---- AVAILABLE RECORDS

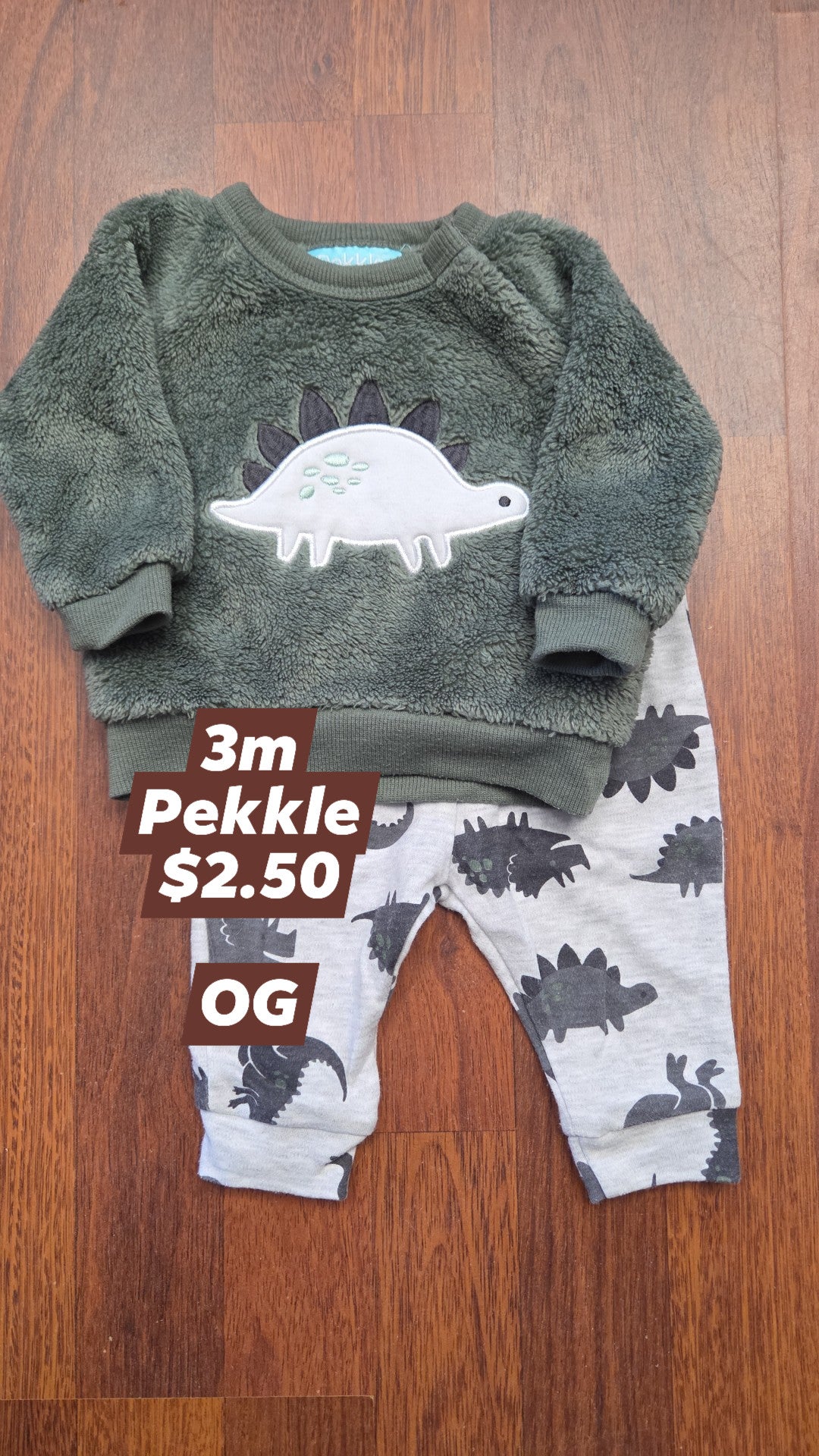 3m
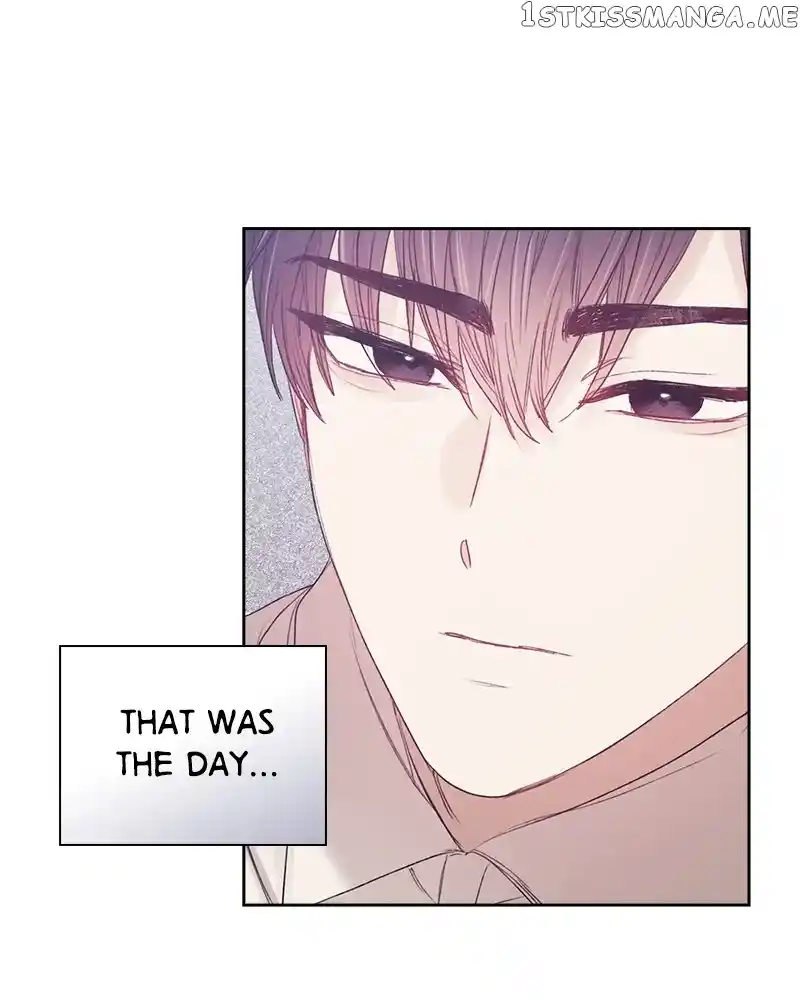 A Chance at Last Chapter 63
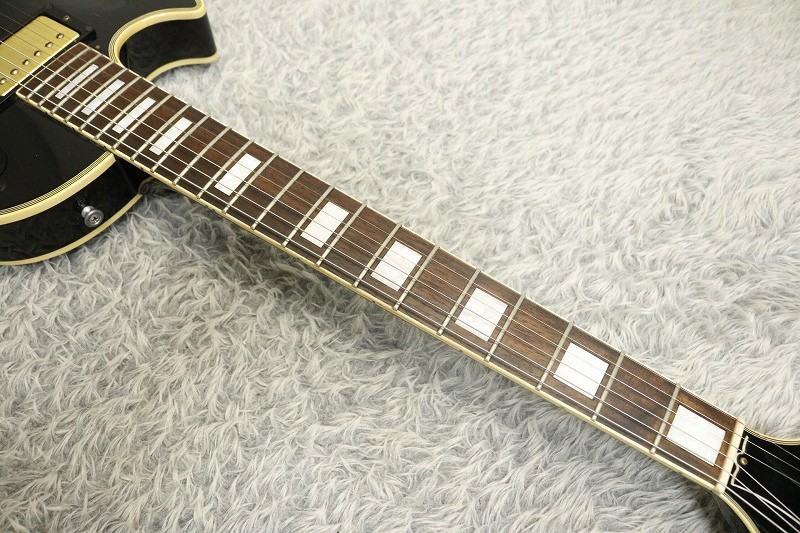 Super Rare! 1989 made Greco Mint Collection EGC68-60/L Left Handed Made in Japan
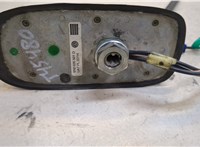 6R0035501D Антенна Skoda Yeti 2009-2018 20442718 #3
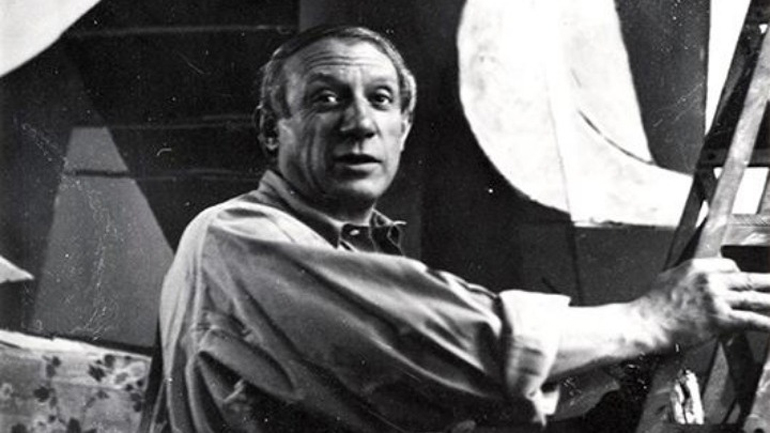 Έκθεση που μνημονεύει τα 90 χρόνια από την εξορία χιλιάδων Ισπανών στον Εμφύλιο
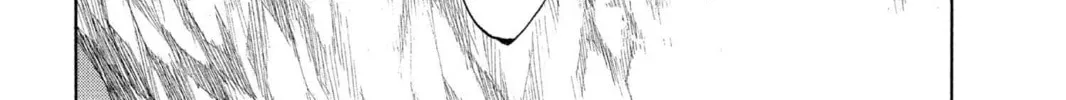 Read Bleach chapter 149 image 37 on Lezhin
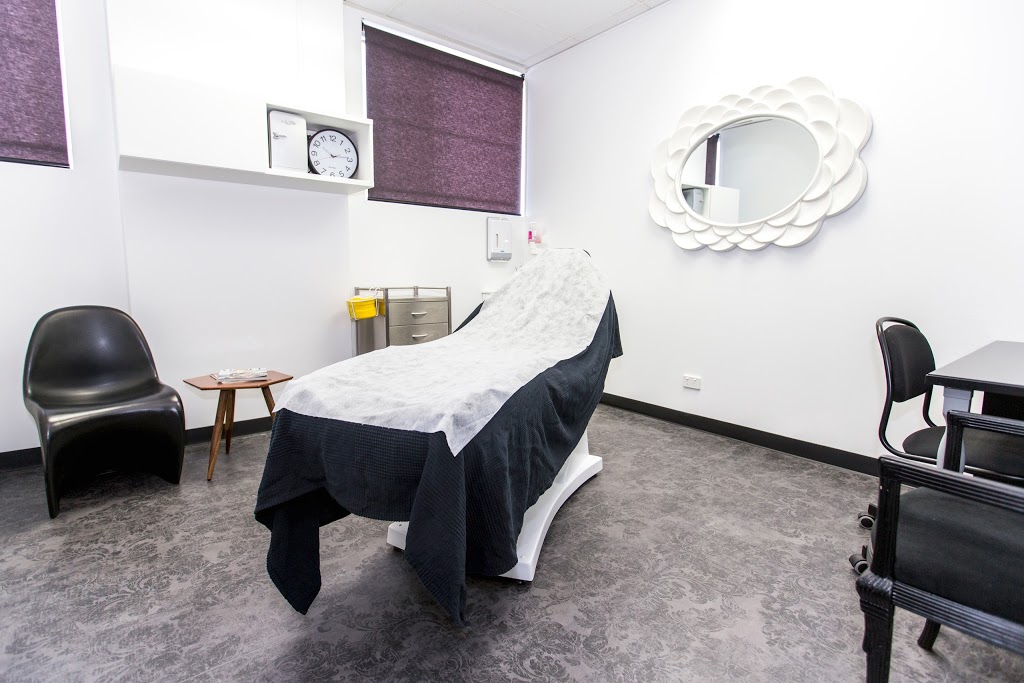 Skin Revision | spa | 686 Gympie Rd, Chermside, Brisbane QLD 4032, Australia | 0733505447 OR +61 7 3350 5447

--------

Word for word, give again the lines from the line holding "6R0035501D Антенна Skoda" through the last line of the material, both included; pictures are not part of the copy.

> _SOLUTION TO THIS PROBLEM_
 6R0035501D Антенна Skoda Yeti 2009-2018 20442718 #3
 Έκθεση που μνημονεύει τα 90 χρόνια από την εξορία χιλιάδων Ισπανών στον Εμφύλιο
 Read Bleach chapter 149 image 37 on Lezhin
 Skin Revision | spa | 686 Gympie Rd, Chermside, Brisbane QLD 4032, Australia | 0733505447 OR +61 7 3350 5447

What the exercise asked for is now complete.